We consider regression in which one predicts a response $Y$ with a set of predictors $X$ across different experiments or environments. This is a common setup in many data-driven scientific fields and we argue that statistical inference can benefit from an analysis that takes into account the distributional changes across environments. In particular, it is useful to distinguish between stable and unstable predictors, i.e., predictors which have a fixed or a changing functional dependence on the response, respectively. We introduce stabilized regression which explicitly enforces stability and thus improves generalization performance to previously unseen environments. Our work is motivated by an application in systems biology. Using multiomic data, we demonstrate how hypothesis generation about gene function can benefit from stabilized regression. We believe that a similar line of arguments for exploiting heterogeneity in data can be powerful for many other applications as well. We draw a theoretical connection between multi-environment regression and causal models, which allows to graphically characterize stable versus unstable functional dependence on the response. Formally, we introduce the notion of a stable blanket which is a subset of the predictors that lies between the direct causal predictors and the Markov blanket. We prove that this set is optimal in the sense that a regression based on these predictors minimizes the mean squared prediction error given that the resulting regression generalizes to unseen new environments.

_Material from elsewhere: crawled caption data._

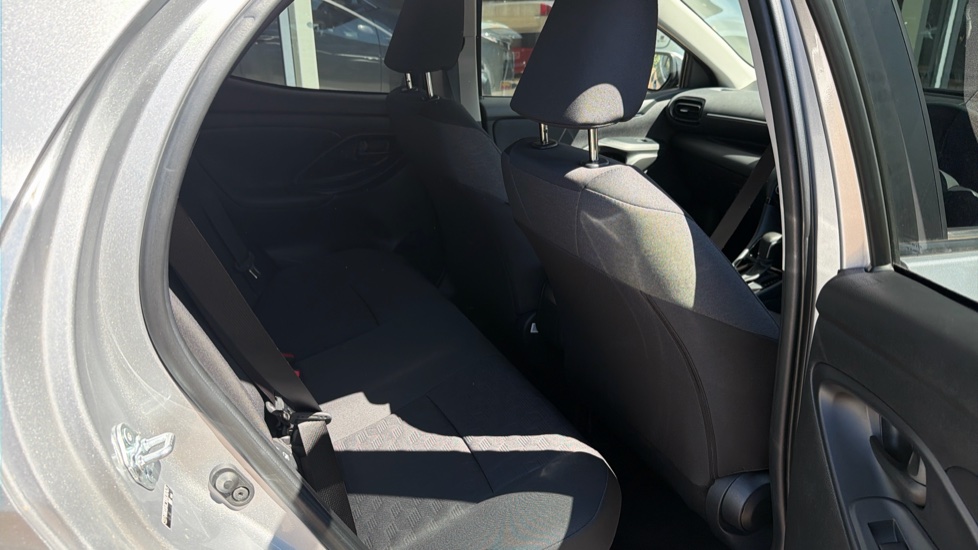 Toyota Yaris 1.5 Hybrid Design 5dr CVT Hybrid Hatchback - Image 8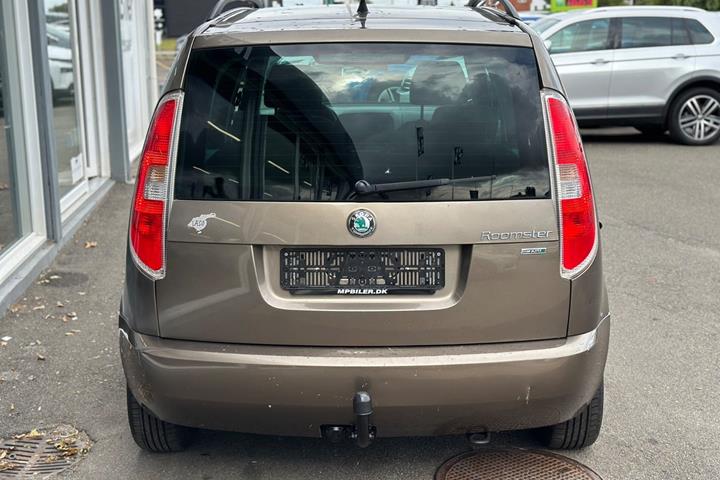 Beige Skoda Roomster fra 2012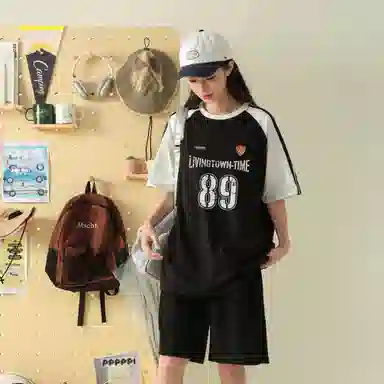 LIVINGTOWN T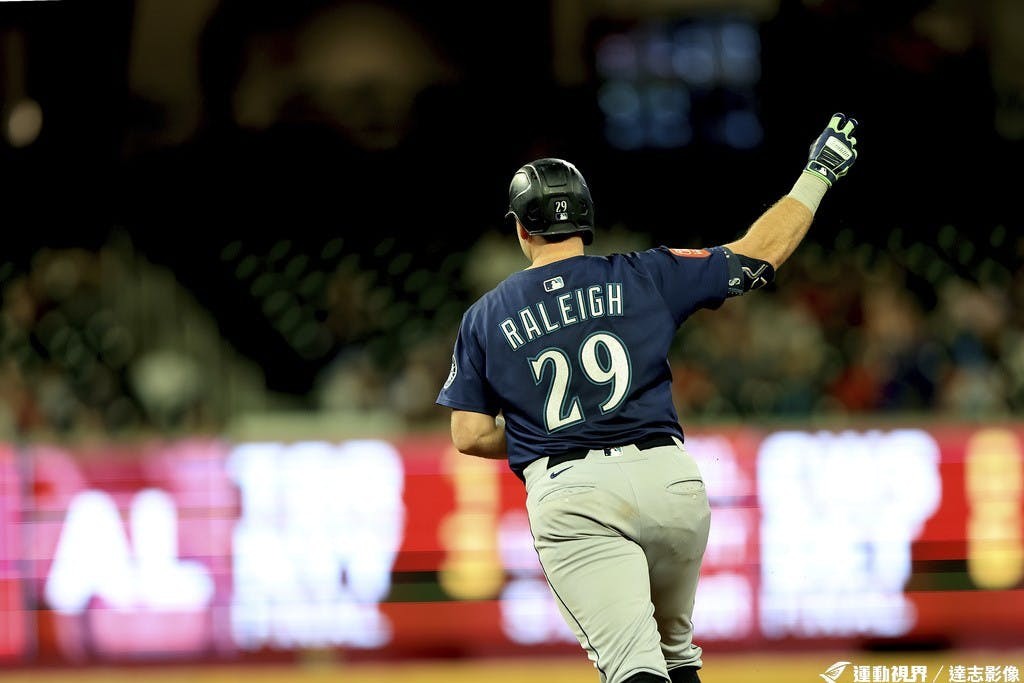 MLB》曾被球隊拒之門外,Cal Raleigh 低調逆襲的巨星之路 - MLB - 棒球 | 運動視界 Sports Vision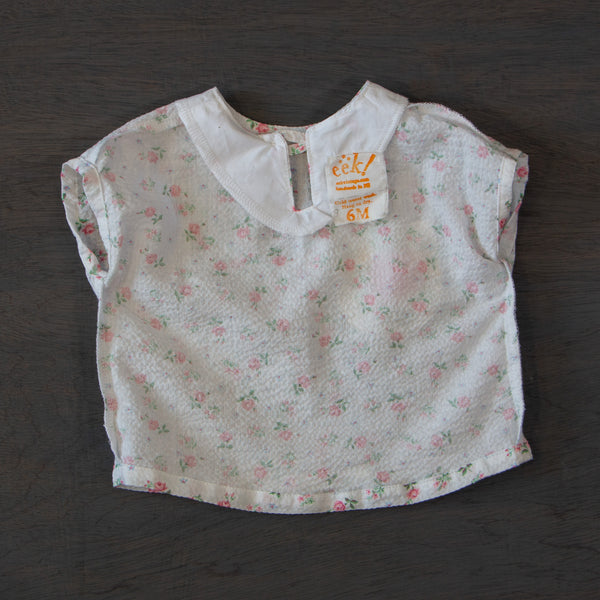 Child's vintage cotton top, white seersucker with pink rosebuds and a beautiful embroidered pocket, size 6 months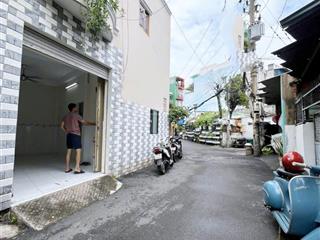 Cho thuê 8tr5 (2pn2wc)  xe hơi đỗ trong  hẻm xe tải trung tâm gv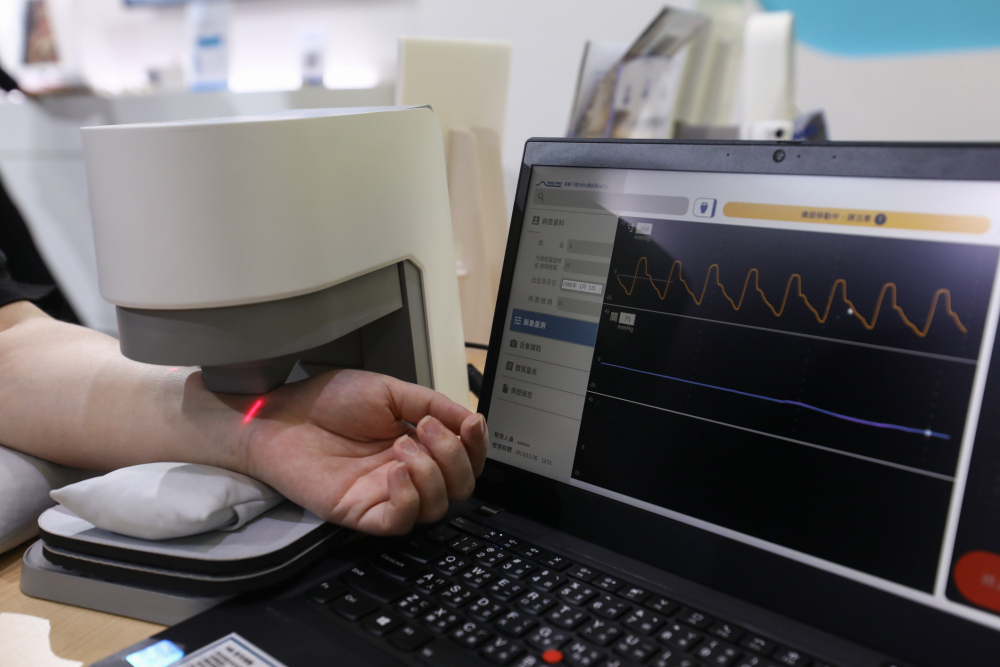 尊龙时凯人生就是搏官网耘康脈象檢測系統透過電腦精準控制升降系統，還原中醫師三指把脈過程的舉、按、尋手法，將脈象感受轉化成數據，未來可結合大數據分析，實現智慧醫療及準確性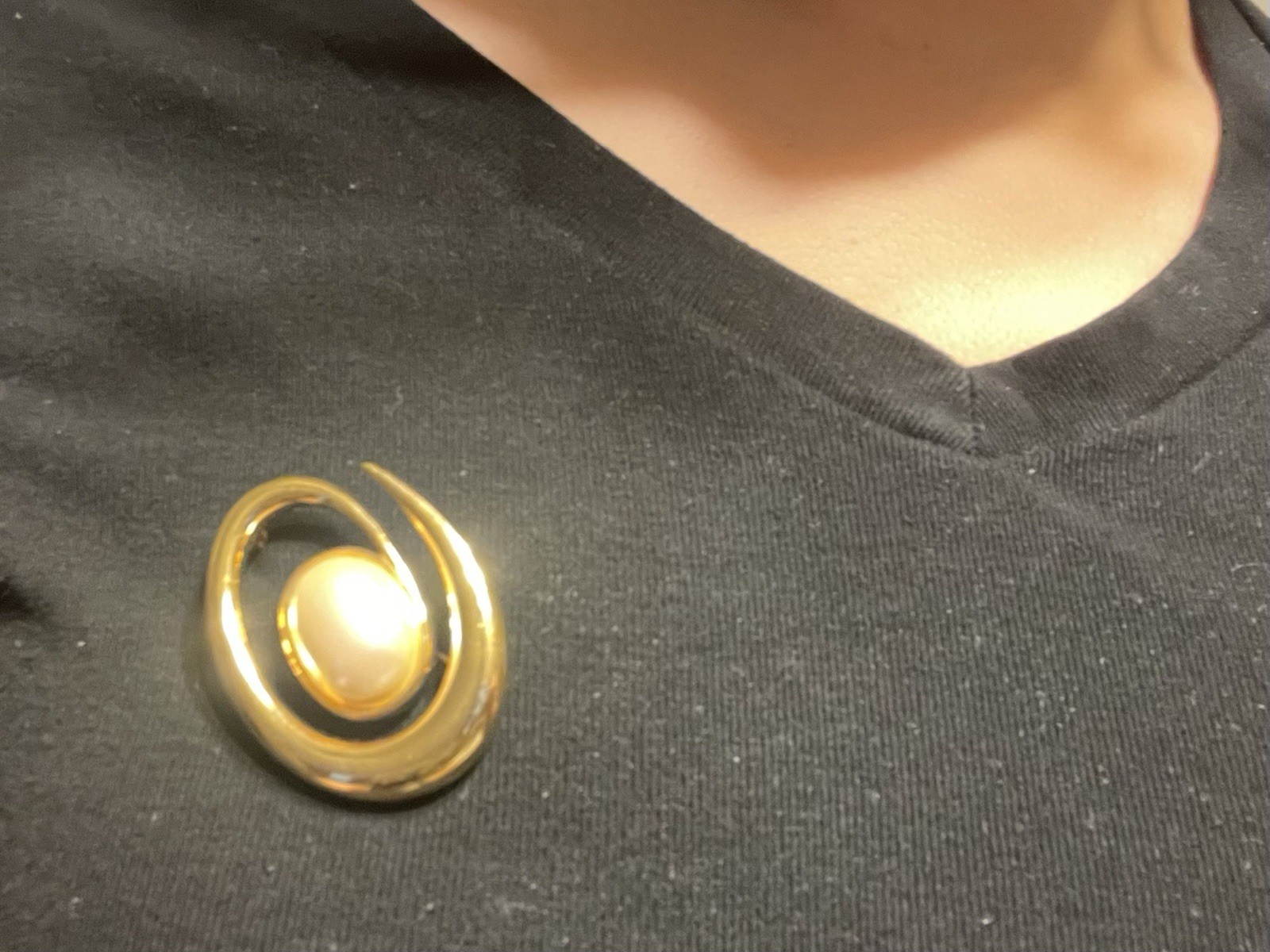 Vintage Monet Galaxy Style Oval Swirl Brooch Pin w/ White Faux Pearl from 1980’s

翻译：我们考虑在不同实验或环境下通过一组预测变量 X 预测响应 Y 的回归问题。这是许多数据驱动科学领域中的常见设置，我们认为统计分析可以受益于考虑环境间分布变化的分析。特别地，区分稳定预测变量与不稳定预测变量（即分别与响应具有固定或变化函数依赖关系的预测变量）是很有用的。我们引入了稳定回归方法，该方法显式地强制稳定性，从而提升对未见过新环境的泛化性能。我们的工作受到系统生物学应用的启发。利用多组学数据，我们展示了关于基因功能的假设生成如何受益于稳定回归。我们相信，类似地利用数据异质性的论证思路对于许多其他应用也可能具有强大作用。我们在多环境回归与因果模型之间建立了理论联系，从而可以图形化地描绘对响应的稳定与不稳定函数依赖关系。形式上，我们引入了稳定毯的概念，它是介于直接因果预测变量与马尔可夫毯之间的一组预测变量子集。我们证明该集合在基于这些预测变量的回归能泛化到未见过新环境的前提下，最小化均方预测误差的意义上是最优的。